Я не знал такого слова, но понял его значение и, замахал положительно головой. «Пропальпировать – наверное, каким-то образом исследовать?» – В доли секунды спросил я себя.
– Смотри, я сейчас тебе всё объясню. Я смотрю на последние две буквы каждой строчки и выбираю подходящие – сочетаемые слоги друг за другом идущие. – Лера поставила пальчик сверху и повела медленно вниз. При этом она начала читать по слогам, словно произнося заклинание: – то-ри… ть-ем… со-то… на-ке… ну-и… по-ни… ла-ми… си-ла… ко-ля… ко-нь… – на этом месте Лера усмехнулась, – и продолжила снова: – да-ма… – Лера посмотрела на кошку, я тоже посмотрел на кошку. Она же посмотрела на нас грустными глазами. – Не-ет! Ты не дама! – По иронии кошка сглотнула слюну. Мы засмеялись и вместе погладили её.
– …му-ра… му-му… – нет, всё не то. Взяв побольше страниц, Лера открыла середину книги и снова затихла, водя пальчиком. Я наблюдал, как её губы шевелились. Мне это показалось привлекательным, и я почувствовал, что в данный момент, я сильно её хочу. Внутри у меня всё закипело, но я старался не прерывать, поэтому держал себя в руках.
А Лера продолжала:
– …не-бо… чу-ом… чу-до… – теперь она после каждого «слогосочетания» делала отрицательный жест головой, опять затихала и двигала губами, а я возбуждался.
Кошка смотрела на Леру и словно ждала, когда родится её имя. Когда Лера отрицательно качала головой, кошка вторила ей. Потом начала тянуть лапу к её губам, видимо, её тоже они привлекали.
– Надо тебя от глистов избавить. – Сплёвывая, сказала Лера и продолжала искать имя. А я думал, ну, когда же это случится.
– Вот! – Воскликнула Лера. – Ты будешь Тасу. Даже с японского можно перевести: – «спасён». Книжка захлопнулась, а кошка замяукала.
Так Лера нарекла именем нашего «прихлебателя».
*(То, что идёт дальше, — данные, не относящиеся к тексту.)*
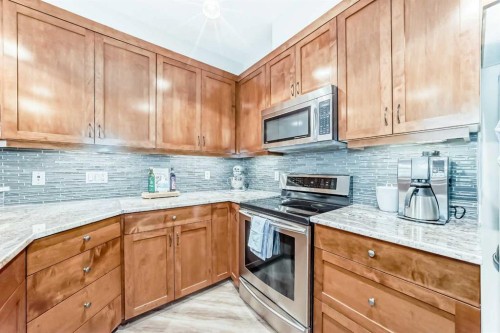 7204-14 Hemlock Crescent Sw, Calgary, AB - Indoor Photo Showing Kitchen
А я прижался к волосам Леры и глубоко вдохнул её запах. Этот запах особенный, он устроен из таких феромонов, которые подходят моему обонянию: делают их носителя моим родным человеком, мной желанной. Я целовал её щёки. Целовал её губы. Целовал её шею. Я наслаждался её бархатистой нежной кожей – душистой, словно пропитанной ванилью, цветами, – их я перечислить не могу – не знаю. У меня ощущение, что я могу наслаждаться этим вечно. Вечно наслаждаться этим прекрасным, родным телом, а потом столько же слушать и видеть, как льётся в мой мир и в мир вокруг душа, рекой своей жизни, разделяя и соединяя всё, и расставляя на свои места. Любовь с ней прекрасна. В эти мгновения, больше убеждаешься в том, что секс без любви не есть удел настоящего человека.
Я видел, как Лера не раз помогала незнакомым людям. А сколько раз она заставляла помогать меня. Не то чтобы заставляла, – бывало, я шёл встречать её, когда она приезжала с работы. И уже, будучи на остановке, звонил телефон: – «Ты где?» – « Жду твой автобус…“ – отвечал я. —„Иди во двор за остановкой…». Что могло такого произойти? – возникали разные мысли. Тут я видел картину – Лера идёт рядом со старушкой и тащит огромную сумку. «Держи..!» – Протягивала она мне ношу и мы провожали счастливую старицу до её дома. Было таких случаев много. Лера, дай волю, возможности, стянула бы под свою опеку всех животных с улицы и дала бы кров всем бездомным. Не сказать, что я какой-то злой и бессердечный, – добро исходит из меня и за сердце хвататься могу, помочь могу, но Лера… «Ты как мать Тереза.» – однажды я сказал, но потом отправил по телефону сообщение: «Ты мой маленький Будда! Люблю тебя сильно!» – В ответ получил сообщение с полным счастья личиком.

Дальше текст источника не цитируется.